Article from One Two Testing, April 1984

How to play jazz guitar and live.

Billy Jenkins presents a gentlemanly introduction to the jazz chord, and proves you don't need 12 fingers and a set of bandages to go past the first fret.


There can hardly be a more overdone subject than that of guitar chords. Hundreds of books containing thousands of finger snapping shapes confuse the mind and leave you in awe.

"Gosh, I only know 12 chords.

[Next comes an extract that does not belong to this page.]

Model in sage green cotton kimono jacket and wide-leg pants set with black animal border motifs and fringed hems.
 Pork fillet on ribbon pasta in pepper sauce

Just wound 3,879 to go and I'll be as good as Beck/Clapton/Hendrix/Segovia!"

But even if you learnt all those inversions, you would still be no further down the road than when you first discovered the alphabet in small letters then capitals.

Looking at chord shapes, picture windows, rules of the game of Go or lattice with beetles on them – depending on what 'new', 'revolutionary', 'easy' angle each publisher impresses upon the perplexed plucker does not help to understand the why and how.

In this article I will attempt to enlighten the serious student of string and get underneath and behind the scenes of a busy fingerboard.


To the uninitiated, a 'jazz' chord is what paella is to a Yorkshireman in Majorca – full of weird and fishy ingredients you either love or hate. If you're reading this in the hope of emulating Joe Pass wafting an audience into a coma through technical overkill, either turn the page or read Micky Baker's Jazz Guitar tutor (Clifford Essex Publications ISBN 0 8 6001 016 3). Although thought by many to be an excellent guide, I didn't understand it. Two weeks of trying to master his particular style of fingering and I shamed Arnold Schwarzenegger – from the wrist down. Not to mention the spots before my eyes.

So before giving examples of supposed 'jazz' chords it might be worth looking at different ways of playing what basic chords you have already mastered.

Let's look at just two – the major chord and the seventh.

Note: the 7th chord is an exception to the rule concerning numbered intervals. When written simply C7, the seventh is flattened. Only when it says Cmaj7, C7 or C^7 is it played with an added B natural.


Using the 3rd, 4th and 5th string, this shape is particularly useful when played in the key of E so the bottom string can freely vibrate. Such glorious examples as 'We'll Bring The House Down', by Slade, and 'You Really Got Me', by the Kinks, sound far juicier played in this shape than in the first position. All you have to remember is that your first finger is the tonic so if it is on the seventh fret of the A string, you are playing an E chord.

It can also be played on the bottom three strings, although it is best not to hit the top three open strings as you bring your strumming hand down in an almighty Pete Townshend type windmill. Keep your plectrum hand in check to avoid overshooting your mark. You may have noticed that this simplest of chords has no third note, which means it can be accompanied by another instrument playing a major OR minor chord, but such is the positive nature of it, it is invariably used as a major.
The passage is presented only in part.